Record excerpts:

**********

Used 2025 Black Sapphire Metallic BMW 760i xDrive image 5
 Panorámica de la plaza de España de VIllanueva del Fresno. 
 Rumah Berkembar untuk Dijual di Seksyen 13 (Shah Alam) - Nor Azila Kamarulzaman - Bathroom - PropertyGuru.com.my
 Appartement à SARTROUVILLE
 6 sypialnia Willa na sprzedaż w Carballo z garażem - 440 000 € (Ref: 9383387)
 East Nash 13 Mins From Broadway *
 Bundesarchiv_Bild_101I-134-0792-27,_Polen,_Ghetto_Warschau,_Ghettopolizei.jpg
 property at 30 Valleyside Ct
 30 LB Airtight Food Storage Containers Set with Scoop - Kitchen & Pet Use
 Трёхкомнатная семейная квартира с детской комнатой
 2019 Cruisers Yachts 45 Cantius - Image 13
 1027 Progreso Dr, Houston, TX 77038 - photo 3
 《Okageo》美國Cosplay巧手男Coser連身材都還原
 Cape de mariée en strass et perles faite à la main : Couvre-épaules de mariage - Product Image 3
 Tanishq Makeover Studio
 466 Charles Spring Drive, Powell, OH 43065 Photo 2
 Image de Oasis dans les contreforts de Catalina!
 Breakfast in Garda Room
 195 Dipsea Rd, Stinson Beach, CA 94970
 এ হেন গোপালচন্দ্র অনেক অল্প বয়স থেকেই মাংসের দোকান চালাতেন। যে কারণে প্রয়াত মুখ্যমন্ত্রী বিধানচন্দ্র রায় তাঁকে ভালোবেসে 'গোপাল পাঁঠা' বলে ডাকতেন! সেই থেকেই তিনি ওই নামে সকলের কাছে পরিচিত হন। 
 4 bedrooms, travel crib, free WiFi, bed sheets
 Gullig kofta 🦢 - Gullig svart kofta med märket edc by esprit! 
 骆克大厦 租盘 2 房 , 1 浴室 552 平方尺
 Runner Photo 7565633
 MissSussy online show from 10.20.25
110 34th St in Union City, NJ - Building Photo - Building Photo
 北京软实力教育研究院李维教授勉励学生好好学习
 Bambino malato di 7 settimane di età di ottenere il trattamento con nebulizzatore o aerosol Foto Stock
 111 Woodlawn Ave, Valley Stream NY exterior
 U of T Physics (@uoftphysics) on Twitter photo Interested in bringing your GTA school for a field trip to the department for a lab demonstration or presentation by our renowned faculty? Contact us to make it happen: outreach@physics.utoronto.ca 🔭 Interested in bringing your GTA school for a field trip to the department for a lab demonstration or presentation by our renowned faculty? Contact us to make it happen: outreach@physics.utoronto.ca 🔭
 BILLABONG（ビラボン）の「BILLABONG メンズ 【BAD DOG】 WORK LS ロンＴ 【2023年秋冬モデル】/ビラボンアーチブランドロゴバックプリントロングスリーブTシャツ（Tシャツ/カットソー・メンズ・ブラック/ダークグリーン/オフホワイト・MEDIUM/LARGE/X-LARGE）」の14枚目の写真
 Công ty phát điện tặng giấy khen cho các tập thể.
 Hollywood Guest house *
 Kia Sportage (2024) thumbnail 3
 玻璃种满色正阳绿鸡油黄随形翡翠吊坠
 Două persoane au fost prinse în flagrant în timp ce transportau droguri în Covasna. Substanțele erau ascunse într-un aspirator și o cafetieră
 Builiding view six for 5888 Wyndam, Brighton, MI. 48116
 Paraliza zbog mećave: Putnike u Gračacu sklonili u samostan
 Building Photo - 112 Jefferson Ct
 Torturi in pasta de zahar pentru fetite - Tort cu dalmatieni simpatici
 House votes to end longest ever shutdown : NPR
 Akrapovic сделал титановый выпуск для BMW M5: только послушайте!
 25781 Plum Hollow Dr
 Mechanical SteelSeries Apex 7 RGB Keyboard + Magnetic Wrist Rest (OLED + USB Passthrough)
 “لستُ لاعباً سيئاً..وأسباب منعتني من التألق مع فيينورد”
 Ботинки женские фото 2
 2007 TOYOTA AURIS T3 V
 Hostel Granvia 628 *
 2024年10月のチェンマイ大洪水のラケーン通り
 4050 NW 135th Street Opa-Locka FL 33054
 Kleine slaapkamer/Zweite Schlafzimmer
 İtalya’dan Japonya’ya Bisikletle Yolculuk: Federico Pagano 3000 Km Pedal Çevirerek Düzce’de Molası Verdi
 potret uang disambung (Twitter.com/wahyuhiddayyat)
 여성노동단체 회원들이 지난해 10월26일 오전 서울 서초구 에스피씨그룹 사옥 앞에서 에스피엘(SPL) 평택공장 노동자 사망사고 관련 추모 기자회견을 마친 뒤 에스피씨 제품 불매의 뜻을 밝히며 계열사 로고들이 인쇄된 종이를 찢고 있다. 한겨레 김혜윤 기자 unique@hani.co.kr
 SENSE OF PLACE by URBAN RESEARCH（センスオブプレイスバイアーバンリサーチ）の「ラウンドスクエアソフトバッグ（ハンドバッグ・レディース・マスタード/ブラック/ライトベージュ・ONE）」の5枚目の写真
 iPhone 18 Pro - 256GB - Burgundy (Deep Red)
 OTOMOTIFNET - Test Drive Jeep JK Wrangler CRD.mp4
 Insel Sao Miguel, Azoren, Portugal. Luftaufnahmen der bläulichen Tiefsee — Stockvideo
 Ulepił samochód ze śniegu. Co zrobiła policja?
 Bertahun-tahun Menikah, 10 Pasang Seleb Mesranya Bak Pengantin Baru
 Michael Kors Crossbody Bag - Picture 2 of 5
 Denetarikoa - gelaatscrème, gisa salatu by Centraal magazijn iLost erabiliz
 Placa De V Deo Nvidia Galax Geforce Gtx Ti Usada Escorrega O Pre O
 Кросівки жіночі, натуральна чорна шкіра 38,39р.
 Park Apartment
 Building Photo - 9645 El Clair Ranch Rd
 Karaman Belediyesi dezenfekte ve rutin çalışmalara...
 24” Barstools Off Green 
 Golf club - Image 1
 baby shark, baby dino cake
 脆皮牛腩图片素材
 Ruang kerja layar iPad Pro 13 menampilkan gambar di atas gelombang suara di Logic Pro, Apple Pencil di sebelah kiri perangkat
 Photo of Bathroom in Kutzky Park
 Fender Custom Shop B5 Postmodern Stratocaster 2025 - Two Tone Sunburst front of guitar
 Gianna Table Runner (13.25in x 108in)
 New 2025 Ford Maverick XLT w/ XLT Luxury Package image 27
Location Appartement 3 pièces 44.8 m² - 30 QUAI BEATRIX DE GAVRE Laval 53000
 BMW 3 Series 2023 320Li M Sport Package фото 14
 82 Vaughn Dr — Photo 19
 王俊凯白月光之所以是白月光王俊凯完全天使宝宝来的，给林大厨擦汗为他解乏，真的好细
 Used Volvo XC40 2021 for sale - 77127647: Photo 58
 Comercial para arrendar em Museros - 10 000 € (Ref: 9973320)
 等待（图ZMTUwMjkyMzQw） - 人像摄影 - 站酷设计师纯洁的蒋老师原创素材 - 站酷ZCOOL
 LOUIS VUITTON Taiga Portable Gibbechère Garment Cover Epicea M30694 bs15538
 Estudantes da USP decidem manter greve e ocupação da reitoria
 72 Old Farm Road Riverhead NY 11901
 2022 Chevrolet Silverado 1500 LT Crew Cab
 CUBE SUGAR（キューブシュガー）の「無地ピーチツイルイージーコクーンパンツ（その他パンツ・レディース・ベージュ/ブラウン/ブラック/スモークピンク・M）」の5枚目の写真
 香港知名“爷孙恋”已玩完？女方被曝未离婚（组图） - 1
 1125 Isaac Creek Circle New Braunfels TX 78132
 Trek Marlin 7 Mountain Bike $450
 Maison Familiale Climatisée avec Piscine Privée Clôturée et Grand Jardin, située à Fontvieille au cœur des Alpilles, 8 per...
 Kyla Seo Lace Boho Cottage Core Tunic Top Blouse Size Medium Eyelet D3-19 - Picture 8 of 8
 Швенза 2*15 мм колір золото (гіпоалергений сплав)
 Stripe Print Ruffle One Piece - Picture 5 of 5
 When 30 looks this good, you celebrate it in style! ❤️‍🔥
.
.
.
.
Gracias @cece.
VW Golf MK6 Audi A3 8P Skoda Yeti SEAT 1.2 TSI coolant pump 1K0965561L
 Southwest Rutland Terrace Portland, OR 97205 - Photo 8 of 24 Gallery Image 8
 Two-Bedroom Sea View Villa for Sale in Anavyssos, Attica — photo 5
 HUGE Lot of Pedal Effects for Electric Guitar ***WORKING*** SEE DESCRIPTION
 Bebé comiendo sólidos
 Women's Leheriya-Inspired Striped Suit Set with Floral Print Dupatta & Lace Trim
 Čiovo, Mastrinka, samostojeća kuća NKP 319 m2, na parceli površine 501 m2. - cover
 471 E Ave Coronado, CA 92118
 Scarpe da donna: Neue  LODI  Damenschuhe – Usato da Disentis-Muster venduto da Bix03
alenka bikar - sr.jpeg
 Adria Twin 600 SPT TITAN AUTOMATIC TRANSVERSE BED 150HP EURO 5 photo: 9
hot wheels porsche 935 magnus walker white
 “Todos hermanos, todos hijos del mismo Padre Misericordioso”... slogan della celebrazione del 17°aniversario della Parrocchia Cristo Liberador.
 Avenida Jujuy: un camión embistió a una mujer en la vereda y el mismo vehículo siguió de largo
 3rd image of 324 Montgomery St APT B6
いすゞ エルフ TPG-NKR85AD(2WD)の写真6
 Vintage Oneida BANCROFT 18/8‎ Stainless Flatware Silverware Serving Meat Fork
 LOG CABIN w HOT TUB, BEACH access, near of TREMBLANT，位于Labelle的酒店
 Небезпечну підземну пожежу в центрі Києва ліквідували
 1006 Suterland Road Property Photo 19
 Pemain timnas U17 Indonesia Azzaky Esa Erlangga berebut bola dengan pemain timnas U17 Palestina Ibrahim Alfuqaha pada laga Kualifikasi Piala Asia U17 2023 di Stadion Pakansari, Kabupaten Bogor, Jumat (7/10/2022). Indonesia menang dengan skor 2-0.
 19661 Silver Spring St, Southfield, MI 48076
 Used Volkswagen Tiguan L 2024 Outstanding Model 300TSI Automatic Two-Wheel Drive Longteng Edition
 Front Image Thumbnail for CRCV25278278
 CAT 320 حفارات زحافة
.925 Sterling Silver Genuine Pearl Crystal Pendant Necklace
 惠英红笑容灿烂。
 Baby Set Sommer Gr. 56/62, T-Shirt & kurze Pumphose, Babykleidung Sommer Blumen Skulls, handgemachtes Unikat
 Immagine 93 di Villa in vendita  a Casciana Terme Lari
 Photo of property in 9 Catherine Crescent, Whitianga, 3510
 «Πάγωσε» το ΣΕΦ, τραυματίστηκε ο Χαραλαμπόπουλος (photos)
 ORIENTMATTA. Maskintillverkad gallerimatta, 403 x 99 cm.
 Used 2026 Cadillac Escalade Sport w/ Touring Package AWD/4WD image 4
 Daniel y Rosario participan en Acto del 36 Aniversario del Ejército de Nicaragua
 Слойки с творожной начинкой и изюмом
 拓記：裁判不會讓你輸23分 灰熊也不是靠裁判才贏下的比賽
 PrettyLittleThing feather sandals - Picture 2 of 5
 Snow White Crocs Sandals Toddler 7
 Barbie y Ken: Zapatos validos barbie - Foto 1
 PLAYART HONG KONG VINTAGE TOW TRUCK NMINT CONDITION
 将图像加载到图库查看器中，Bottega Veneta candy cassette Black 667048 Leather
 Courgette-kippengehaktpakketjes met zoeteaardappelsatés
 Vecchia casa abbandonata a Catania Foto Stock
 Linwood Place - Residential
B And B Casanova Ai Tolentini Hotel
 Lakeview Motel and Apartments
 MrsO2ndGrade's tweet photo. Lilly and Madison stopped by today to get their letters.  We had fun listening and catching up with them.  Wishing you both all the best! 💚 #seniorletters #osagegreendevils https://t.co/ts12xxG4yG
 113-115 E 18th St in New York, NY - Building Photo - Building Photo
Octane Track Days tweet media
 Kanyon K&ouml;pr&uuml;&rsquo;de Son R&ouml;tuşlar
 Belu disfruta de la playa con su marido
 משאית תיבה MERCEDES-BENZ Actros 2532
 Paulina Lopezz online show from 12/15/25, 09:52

**********

Assignment: The required output is the entries from their opening line through the line holding "4 bedrooms, travel", repeated exactly, with both end lines kept.

Task solution:
Used 2025 Black Sapphire Metallic BMW 760i xDrive image 5
 Panorámica de la plaza de España de VIllanueva del Fresno. 
 Rumah Berkembar untuk Dijual di Seksyen 13 (Shah Alam) - Nor Azila Kamarulzaman - Bathroom - PropertyGuru.com.my
 Appartement à SARTROUVILLE
 6 sypialnia Willa na sprzedaż w Carballo z garażem - 440 000 € (Ref: 9383387)
 East Nash 13 Mins From Broadway *
 Bundesarchiv_Bild_101I-134-0792-27,_Polen,_Ghetto_Warschau,_Ghettopolizei.jpg
 property at 30 Valleyside Ct
 30 LB Airtight Food Storage Containers Set with Scoop - Kitchen & Pet Use
 Трёхкомнатная семейная квартира с детской комнатой
 2019 Cruisers Yachts 45 Cantius - Image 13
 1027 Progreso Dr, Houston, TX 77038 - photo 3
 《Okageo》美國Cosplay巧手男Coser連身材都還原
 Cape de mariée en strass et perles faite à la main : Couvre-épaules de mariage - Product Image 3
 Tanishq Makeover Studio
 466 Charles Spring Drive, Powell, OH 43065 Photo 2
 Image de Oasis dans les contreforts de Catalina!
 Breakfast in Garda Room
 195 Dipsea Rd, Stinson Beach, CA 94970
 এ হেন গোপালচন্দ্র অনেক অল্প বয়স থেকেই মাংসের দোকান চালাতেন। যে কারণে প্রয়াত মুখ্যমন্ত্রী বিধানচন্দ্র রায় তাঁকে ভালোবেসে 'গোপাল পাঁঠা' বলে ডাকতেন! সেই থেকেই তিনি ওই নামে সকলের কাছে পরিচিত হন। 
 4 bedrooms, travel crib, free WiFi, bed sheets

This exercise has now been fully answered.